Americans (Still) Support a Federal Jobs Guarantee
In poll after poll, Americans across the political spectrum support a federal jobs guarantee. And yet it’s never mentioned in mainstream political discourse. New survey data makes the case even harder to ignore.

Across virtually every poll, the basic proposition that the government should guarantee a job to anyone who wants one commanded majority support. (Justin Sullivan / Getty Images)
In 2024, the Center for Working-Class Politics (CWCP) and Jacobin published a report summarizing the state of public opinion on a federal jobs guarantee. Looking across nine publicly available polls conducted since 2018, we found an average of 59% support for the policy. That’s not a slim majority driven by one partisan base but a consistent, solid majority that spans the political spectrum.
Our report showed that Democrats backed a jobs guarantee at rates between 81% and 88%. Independents supported it at 56% to 74%. And even among Republicans, 46% expressed support, with stronger backing among those under forty-five. Perhaps most striking is the fact that voters who switched from Barack Obama to Donald Trump in 2016 showed 29% net approval for the policy, meaning support substantially outweighed opposition even among a group that had recently rejected the Democratic Party.

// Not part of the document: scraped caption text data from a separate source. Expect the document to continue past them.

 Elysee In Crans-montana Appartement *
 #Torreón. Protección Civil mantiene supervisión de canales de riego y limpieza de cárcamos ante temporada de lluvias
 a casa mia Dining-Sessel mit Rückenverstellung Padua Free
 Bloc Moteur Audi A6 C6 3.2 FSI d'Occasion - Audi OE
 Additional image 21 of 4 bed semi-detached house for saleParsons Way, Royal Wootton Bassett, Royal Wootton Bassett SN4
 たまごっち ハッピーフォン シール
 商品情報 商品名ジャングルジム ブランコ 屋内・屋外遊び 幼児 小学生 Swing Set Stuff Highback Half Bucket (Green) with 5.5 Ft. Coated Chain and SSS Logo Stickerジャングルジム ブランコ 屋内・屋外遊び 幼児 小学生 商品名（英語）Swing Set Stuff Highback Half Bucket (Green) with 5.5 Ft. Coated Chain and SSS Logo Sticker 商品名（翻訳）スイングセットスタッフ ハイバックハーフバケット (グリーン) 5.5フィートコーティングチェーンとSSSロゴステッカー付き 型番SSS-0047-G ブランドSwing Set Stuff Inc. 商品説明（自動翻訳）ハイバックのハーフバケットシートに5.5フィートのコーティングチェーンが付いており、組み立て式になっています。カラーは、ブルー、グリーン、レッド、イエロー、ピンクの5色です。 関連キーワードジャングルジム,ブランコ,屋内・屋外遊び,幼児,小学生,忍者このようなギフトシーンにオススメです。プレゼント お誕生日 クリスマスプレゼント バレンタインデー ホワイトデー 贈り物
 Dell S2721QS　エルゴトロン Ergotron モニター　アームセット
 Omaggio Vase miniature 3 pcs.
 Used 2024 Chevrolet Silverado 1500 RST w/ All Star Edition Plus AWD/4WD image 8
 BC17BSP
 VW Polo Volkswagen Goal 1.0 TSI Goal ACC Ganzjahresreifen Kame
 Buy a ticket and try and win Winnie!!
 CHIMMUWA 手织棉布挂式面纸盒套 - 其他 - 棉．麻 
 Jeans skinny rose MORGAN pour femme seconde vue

But we also found that the framing matters. Depending on the specific wording, support ranged from a high of 74 percent to a low of 46 percent. Proposals that highlighted additions like guaranteed health care or a high minimum wage performed worse than those emphasizing the personal economic and broader societal benefits of the program. But across virtually every poll, the basic proposition — that the government should guarantee a job to anyone who wants one — commanded majority support.